Our Marriage Almost Didn't Make It. Here's Why We Stayed.
I'm not going to dress this up.
In 2017, my marriage was in pieces. Years of poor choices, emotional distance, and things left unsaid had finally caught up with us. The foundation we'd built our family on had cracked in ways I wasn't sure could be repaired.
There were moments, real, serious moments, where I wasn't sure we were going to make it.
And if I'm being completely honest, there were moments where I considered walking away.
I didn't. We didn't.
Nine years later, I can tell you that the work we did, the brutal, uncomfortable, ego-stripping work of rebuilding a broken marriage, is some of the most important work of my life.
This is what I know about why staying is worth it.
Nobody Tells You How Hard It Actually Is
There's this idea that if two people love each other enough, they'll figure it out.
That's not wrong. But it's incomplete.
What they don't tell you is that figuring it out requires you to look at the parts of yourself you'd rather not see. The defensiveness. The resentment. The ways you've contributed to the damage, even when you were convinced you were the wronged party.
That is hard work. Not hard in a way that earns you applause. Hard in the way that sits with you at 2 in the morning and asks you to be better than you've been.
My wife and I spent years in individual therapy and couples therapy. We worked through two-way trauma. We had conversations we'd been avoiding for years because having them felt like too much risk.

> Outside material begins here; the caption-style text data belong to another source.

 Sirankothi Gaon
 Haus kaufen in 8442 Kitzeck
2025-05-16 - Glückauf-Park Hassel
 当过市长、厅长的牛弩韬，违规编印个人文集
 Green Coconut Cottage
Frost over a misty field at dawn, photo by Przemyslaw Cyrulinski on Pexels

It was all of that. And more.
And it was worth every bit of it.
The Problem With Quitting
I understand why people leave. I'm not here to judge anyone who has made that choice. Sometimes, leaving is the right call.
But I've also watched a lot of men walk away from relationships they could have repaired. Not because the relationship was unsalvageable, but because the work felt like too much.

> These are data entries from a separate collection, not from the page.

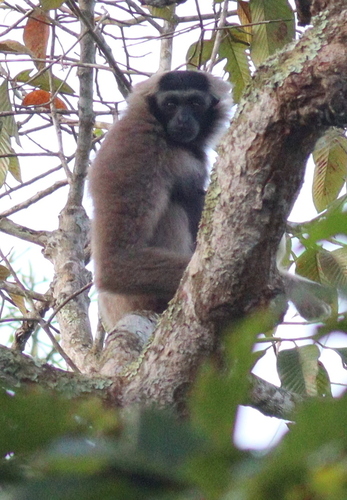 Pileated Gibbon (Hylobates pileatus)
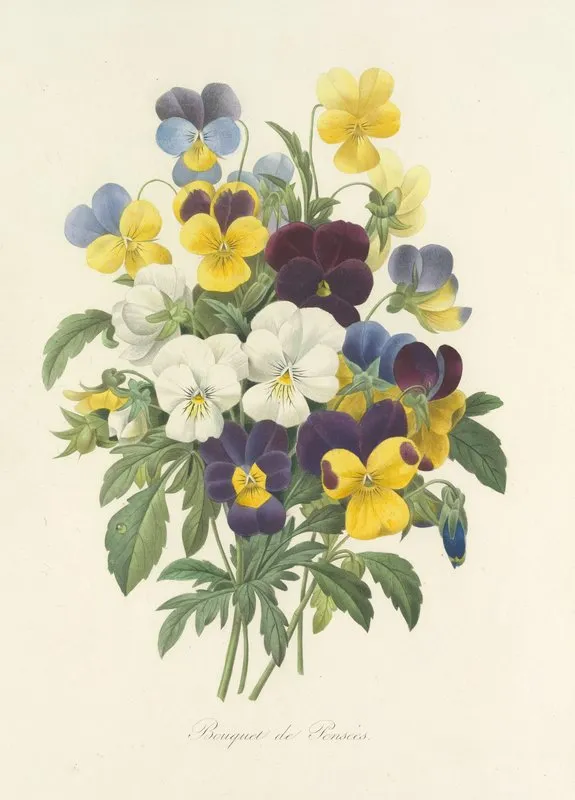 Choix Des Plus Belles Fleurs Pl 067 Wall Art by Pierre Joseph Redouté - High-Resolution Digital Print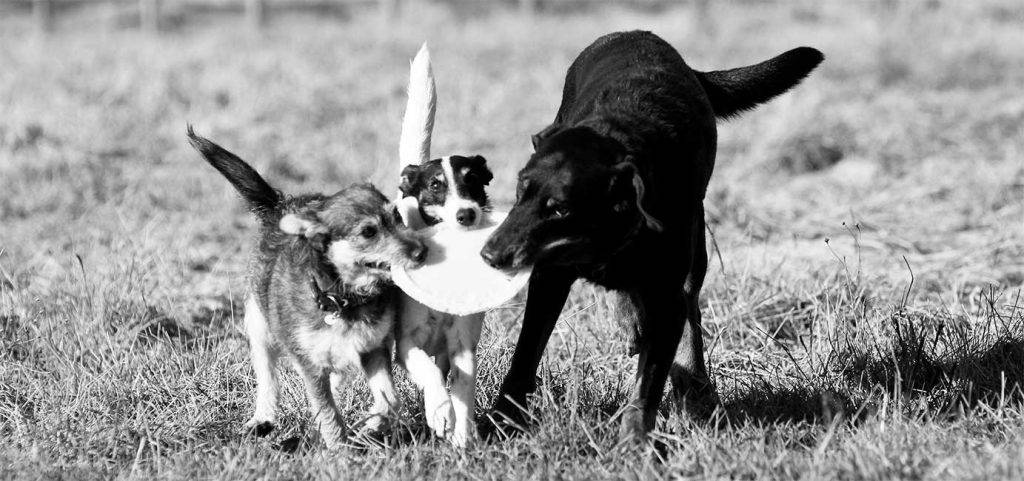Tre hundar springer med en frisbee.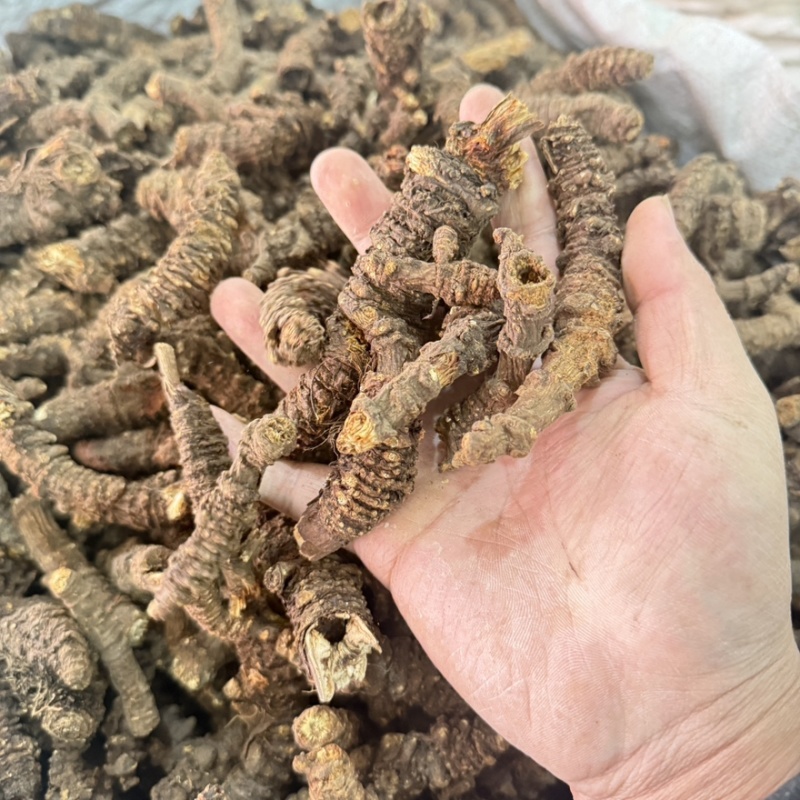 羌活个子精品选货到底产区批发零售包邮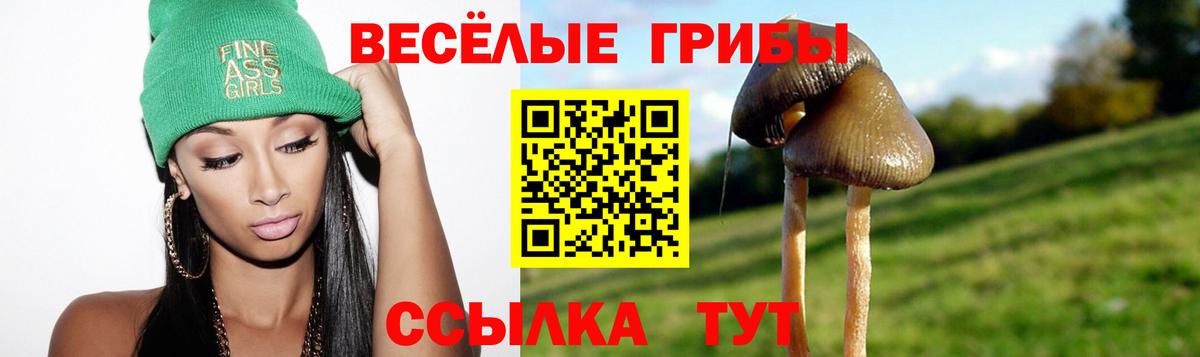 Псилоцибиновые грибы мицелий Дербент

Because it required them to take accountability for their role in the damage.
Because it required them to be vulnerable in ways that didn't feel natural.

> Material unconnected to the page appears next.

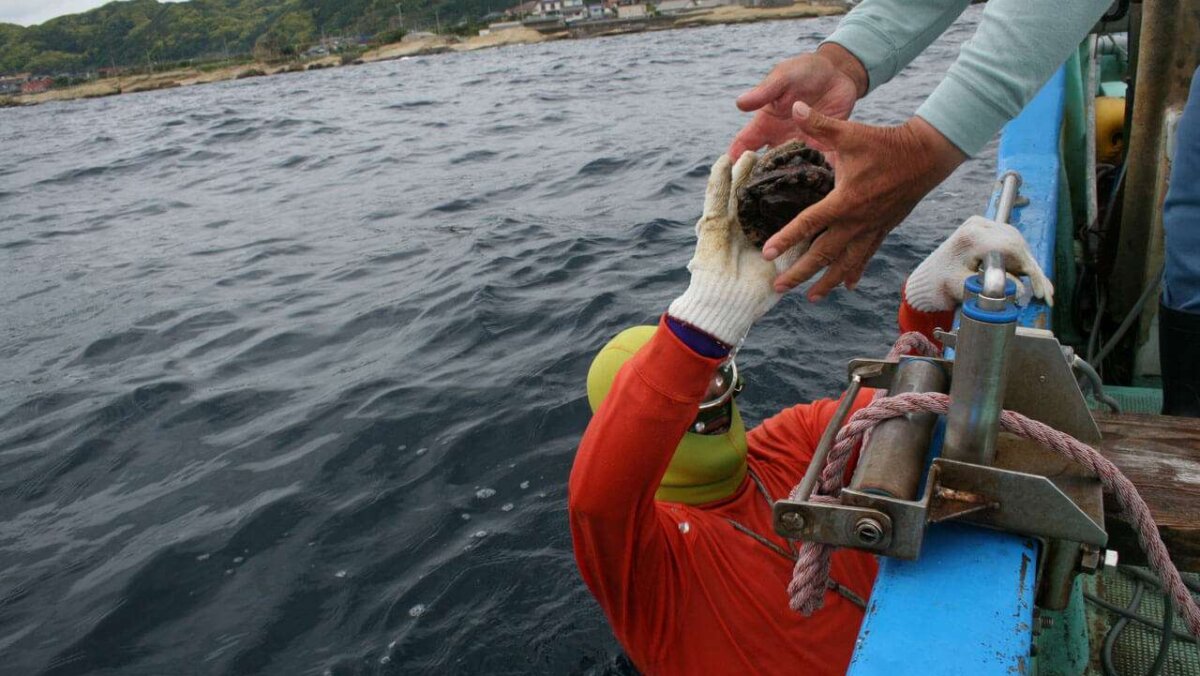 アワビを獲った海士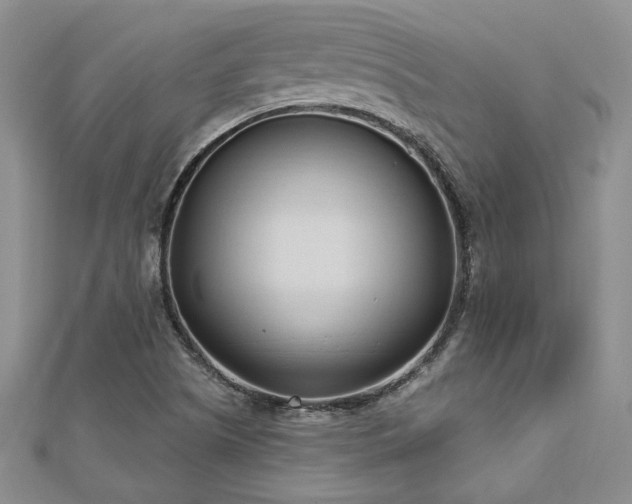 X0000113131505200909041136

Because staying felt harder than starting over.
And what I've seen is that those men don't escape the work by leaving. They just carry it into the next relationship, unprocessed, and eventually they're right back in the same place.
The work follows you. Might as well do it here.
What 'Never Tap Out' Actually Means
It doesn't mean staying at all costs. It doesn't mean tolerating abuse or dishonesty or a relationship that is genuinely beyond repair.
It means not quitting before you've actually tried.
It means showing up to the hard conversations instead of going quiet. It means getting help when you don't know how to fix it on your own. It means taking accountability for your part, even the parts that are uncomfortable to admit.
It means believing that a struggling relationship, with honesty and effort and real self-reflection, can become something stronger than you can imagine right now.
I'm living proof of that.
What I'd Tell Any Man Standing at That Crossroads
Get help. Don't try to rebuild something this significant without support. Find a good therapist, a trusted friend, a mentor who's been through it.
Take your inventory first. Before you focus on everything your partner did wrong, ask yourself honestly: what's my part? What have I been avoiding? What have I failed to bring?
Stay in it longer than feels comfortable. Most men want a resolution quickly. Rebuilding takes time. Give it more than you think it deserves.
And hold onto this: the version of a relationship that comes out the other side of real work, of two people choosing each other through the hardest seasons, is something different than what existed before.
It's something earned.
Don't tap out before you find out what's possible.